「大垣正宗」は、徳川家家臣として代々徳川家に仕え、大垣藩藩主を務めた戸田家に伝来した刀剣です。そのことに由来し、大垣正宗の名が付きました。
大垣藩初代藩主「戸田氏鉄」(とだうじかね)は、この大垣正宗を2代将軍「徳川秀忠」に献上。大垣正宗を受け取った徳川秀忠は、1623年(元和9年)に、米沢藩2代藩主「上杉定勝」(うえすぎさだかつ)の元服を祝して上杉家に贈っています。これにより大垣正宗は、上杉家所有の刀剣となり、上杉家の名刀帳「三十五腰」(さんじゅうごよう)に加えられました。

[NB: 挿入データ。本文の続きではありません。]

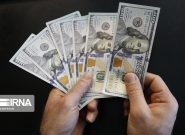 تامین ارز واردات از ۴۰ میلیارد دلار گذشت/ سهم ۲۹.۲ میلیارد دلاری صنایع تامین ارز واردات از ۴۰ میلیارد دلار گذشت/ سهم ۲۹.۲ میلیارد دلاری صنایع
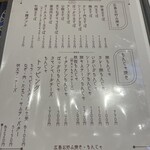 広島お好み焼き 鉄板 - 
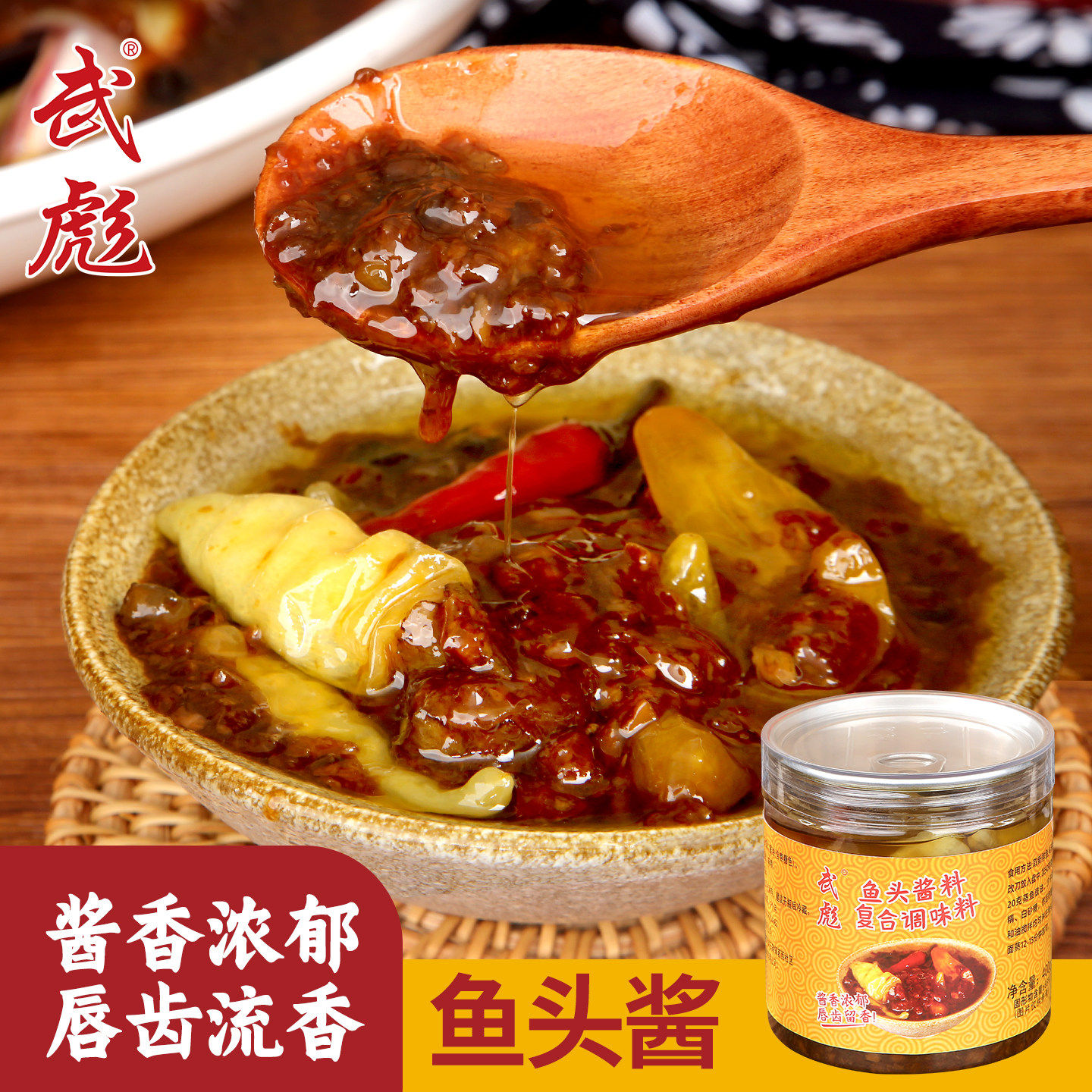 温州武彪鱼头酱葱油汁专用酱剁椒酱蒜蓉油醋酱海鲜酱油汁家用商用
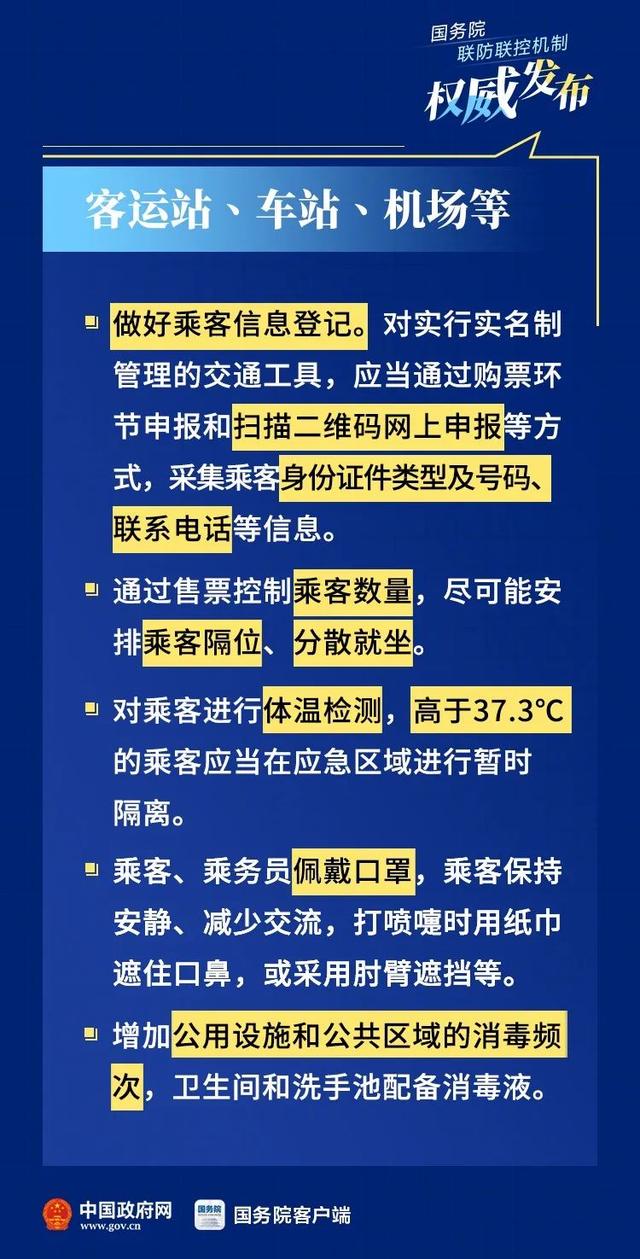 2024年新澳门开码历史记录,新兴技术推进策略_挑战版45.226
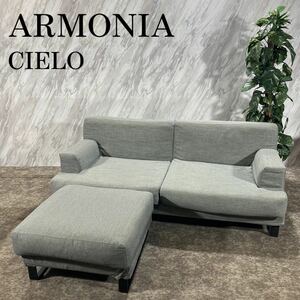 ARMONIA アルモニア CIELO 3人掛け ファブリックソファ K622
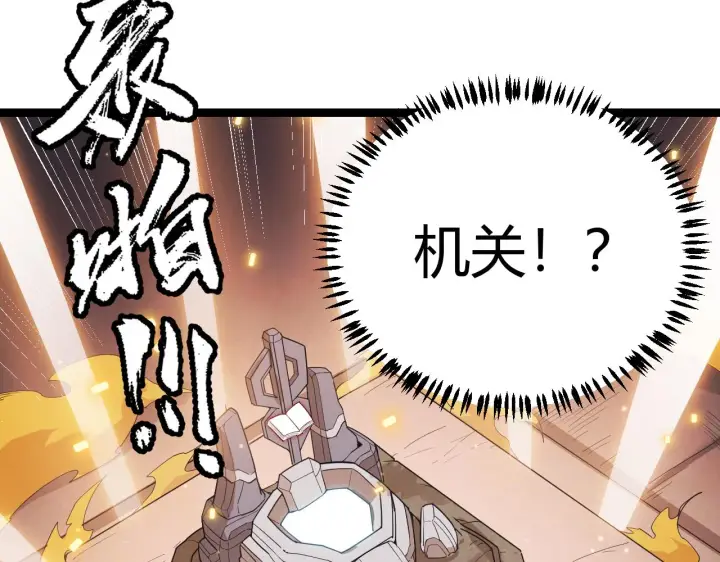 《我来自游戏》第85话 插班生凌策图86
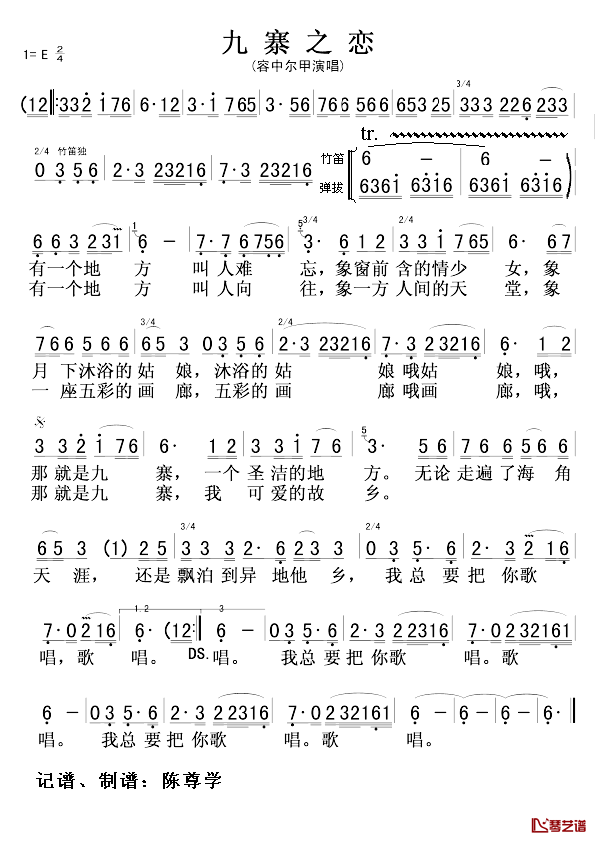 九寨之恋简谱1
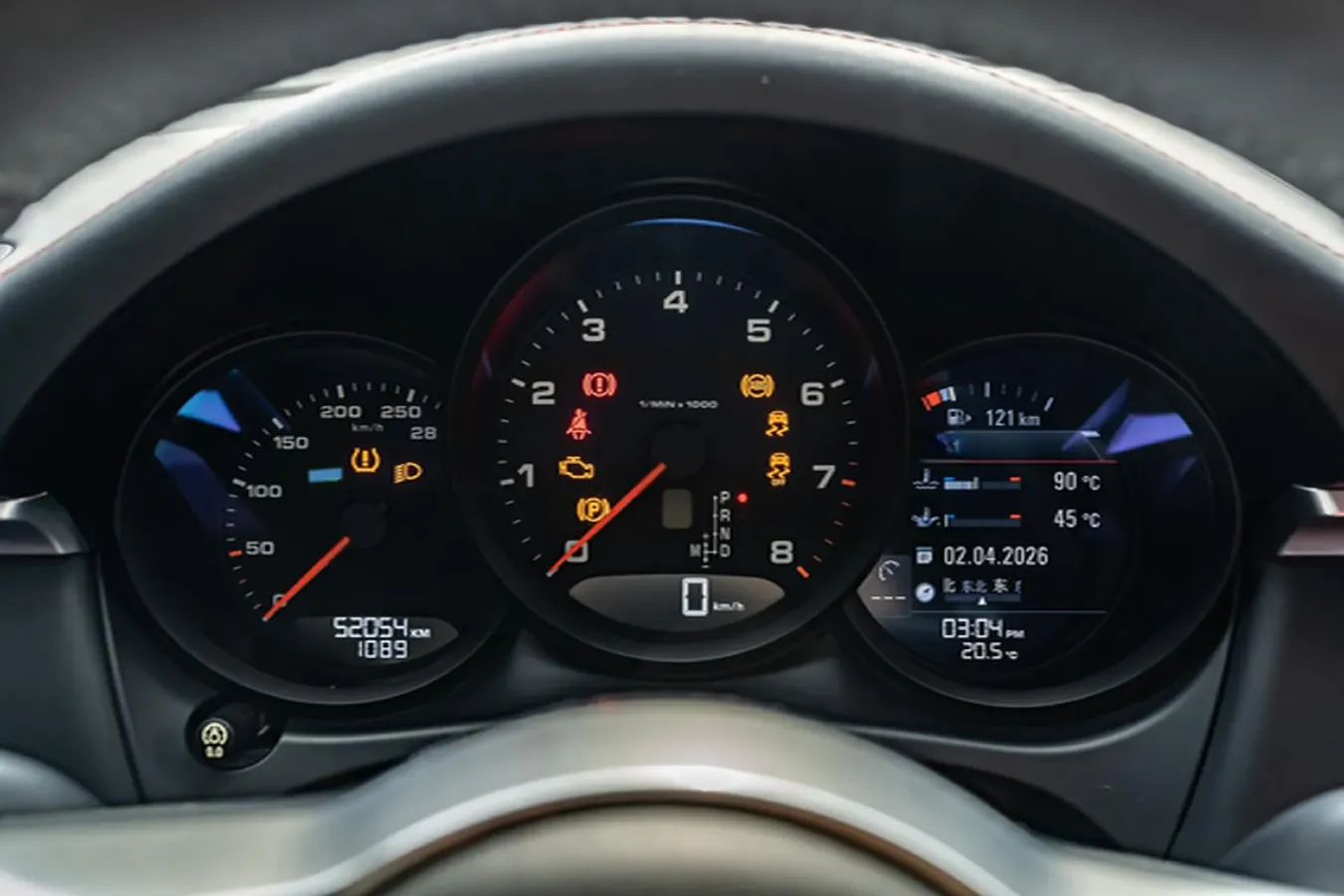 2018 Nissan Patrol 4.0L 279HP V6 7AT,autocango,china used car exporter,china ev exporter,chinese used car exporter,chinese used ev exporter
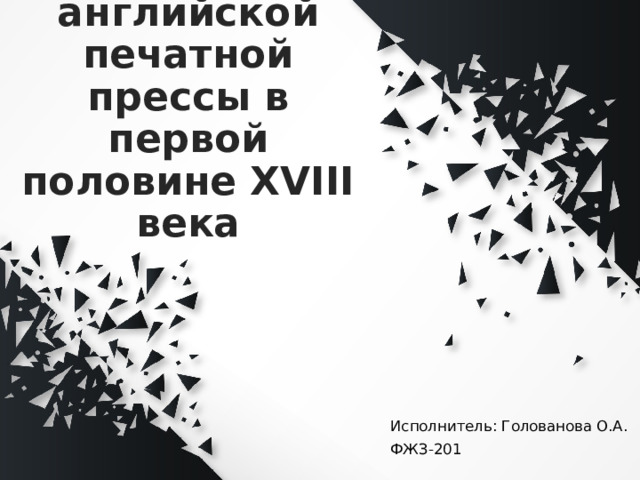 Развитие английской печатной прессы в первой половине XVIII века Исполнитель: Голованова О.А. ФЖЗ-201 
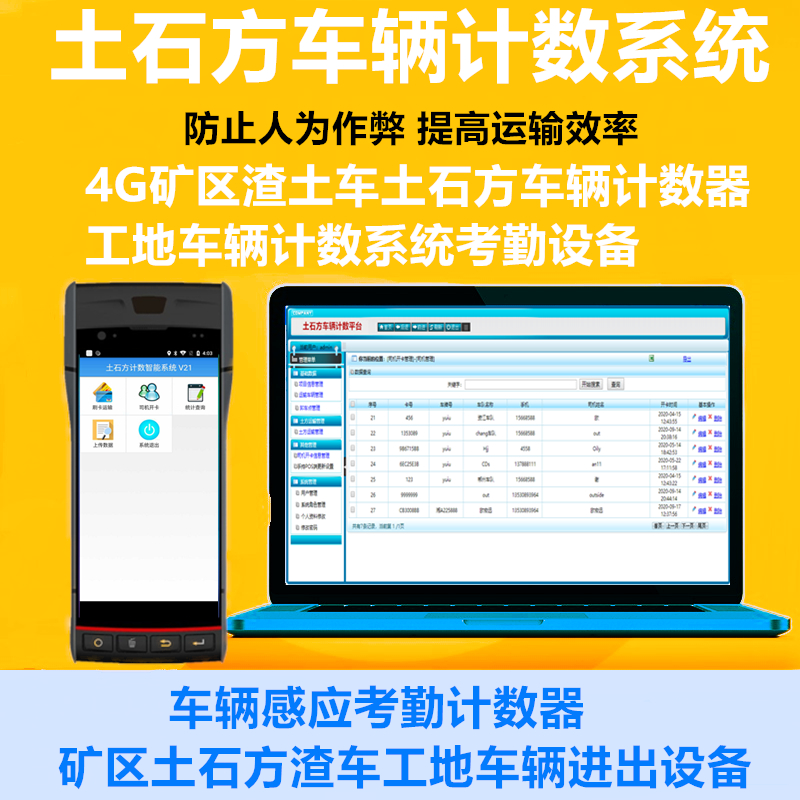 工地矿区土石方车辆计数运输渣土车管理挖机工程车计数计次系统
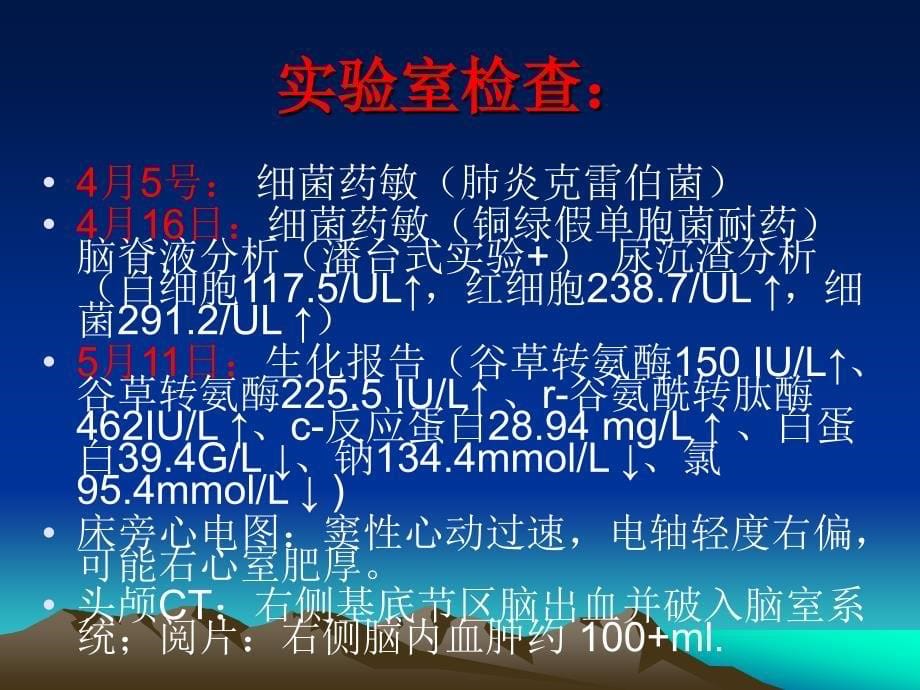 脑出血合并气管切开病人护理查房_第5页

1868年(慶応4年)に起きた「戊辰戦争」の際には、東北諸藩で力を合わせて新政府軍に対抗するため「奥羽越列藩同盟」(おううえつれっぱんどうめい)を締結。当時の米沢藩主であった「上杉茂憲」(うえすぎもちのり)も、大垣正宗を帯刀して戦に出陣しました。
しかし、幕府軍の敗色が見えてくると、奥羽越列藩同盟の諸藩達は次々裏切りはじめます。上杉茂憲も力及ばず降伏しました。明治維新後は、米沢藩知事などを経て、沖縄県令、貴族院伯爵議員などを歴任。多くの功績を残しました。